SUPPLIED DATA:
**********

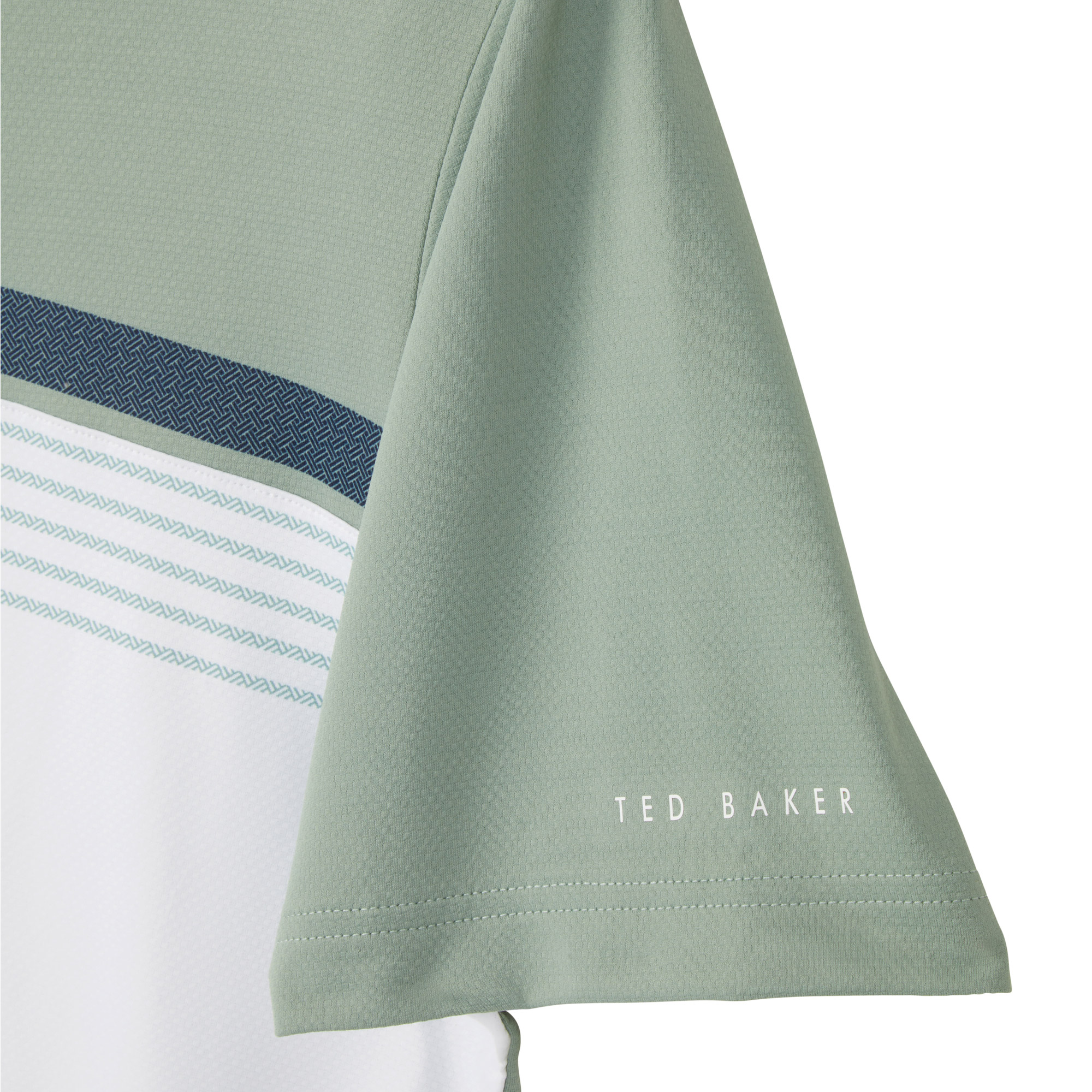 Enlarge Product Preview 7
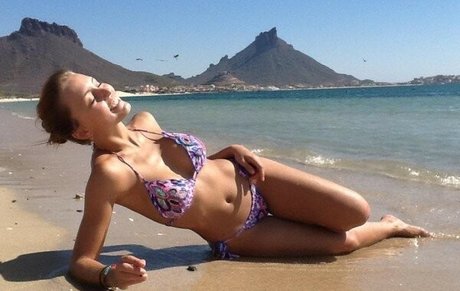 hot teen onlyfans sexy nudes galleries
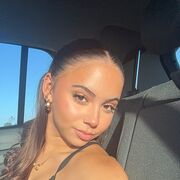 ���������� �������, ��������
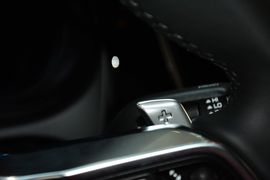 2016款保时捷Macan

**********

WHAT YOU HAVE TO DO: Transcribe every line of the listing above exactly; skip the pictures.

ANSWER TO THIS EXERCISE:
 Enlarge Product Preview 7
 hot teen onlyfans sexy nudes galleries
 ���������� �������, ��������
 2016款保时捷Macan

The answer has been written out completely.